Another way is to arrange your finite number of cogs in a way that allows them to interact in different ways. That’s how the Difference Engine differs from the centrifugal governor. Each different configuration of cogs embodies a different bunch of information and/or processes it can execute. Yet the Difference Engine is still limited in the number of configurations it can embody.
What you really want is some kind of concrete system that can be configured in an effectively infinite number of ways – a system that employs recursion. This way it can embody an infinite range of abstract systems, information or processes. That’s basically the successor to the Difference Engine, Babbage’s other great invention, the Analytical Engine.

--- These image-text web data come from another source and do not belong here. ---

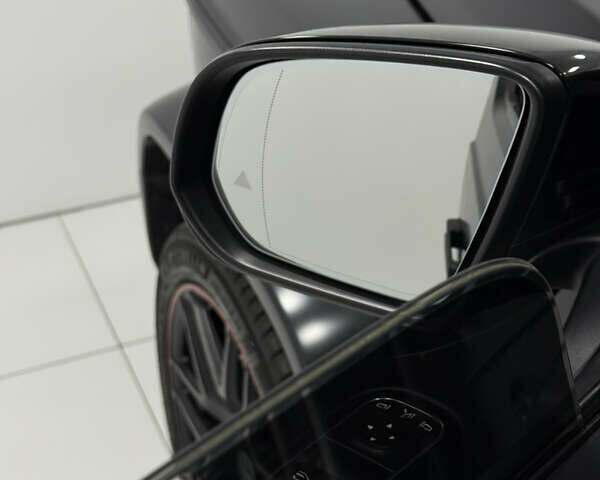 Чорний Мерседес Г-Клас, об'ємом двигуна 4 л та пробігом 89 тис. км за 145000 $, фото 15 на Automoto.ua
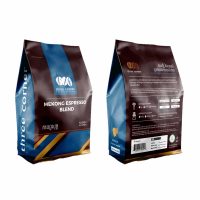 Kaffee aus Kambodscha - Kampuchea Gold Three Corner Coffee Roasters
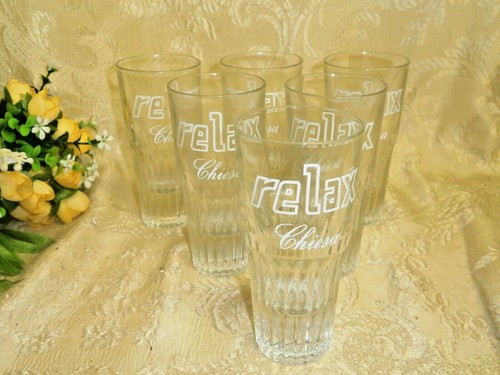 Vintage bicchieri - ,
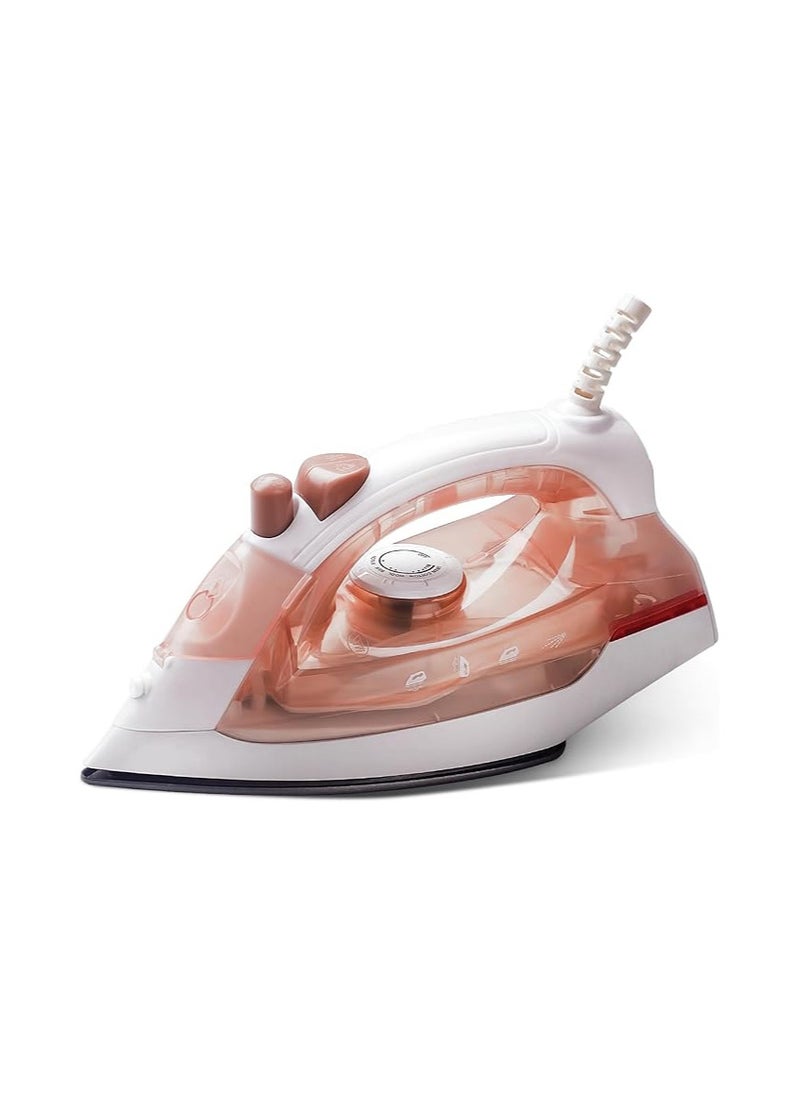 Impex Electric Steam Iron Box IBS 401-1300W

And that’s basically our brain.
Our brains are not fundamentally different to a mechanical computation system – with neurons instead of cogs embodying information, and the interactions embodying processes in concrete form – except our brains can reconfigure themselves to embody a vast, if not infinite, range of computations.
Our brains are effectively a system of cogs that achieves complexity not only through more cogs (although 100-odd billion is a lot of cogs) but through the reconfiguration of those cogs.
These configurations layer new interactions on top of each other until you get to something capable of a startling array of abstract computations – even to the extent of abstractly reflecting on its ability to abstract.
Now, all of these concrete systems, including the brain, can be represented in an abstract form. They all embody some formulae, processes or algorithms – or cognitive models – which can be separate from the system itself and reproduced in a computer. That’s interesting, but that doesn’t mean the concrete system resembles a computer as such. There will also be some information embodied in the concrete system that cannot be represented in a computer – some computations require the specific concrete properties of the system, much like the centrifugal governor can compute in a continuous way that a serial computer cannot do.
The embodied knowledge is also present in our bodies. When I say I know how to ride a bike, I’m not just talking about what’s going on in my brain – certainly not just in the higher cognitive bits – but also in my body. To say that knowing how to ride a bike is simply knowledge that entirely misses the point.
Likewise, to say that all cognition is symbol manipulation misses the point. Cognition might be describable in such terms, but understanding human cognition in humans requires us to understand the cogs in the machine and the embodied knowledge they instantiate.
Now, what I’m saying here will probably either not surprise you at all (because I’m a latecomer to Gelder’s paper), or it’ll make you spit and swear that I’ve missed the point. Either way, fair enough. But wary be if you ignore the concrete, because cogs are smarter than you might think.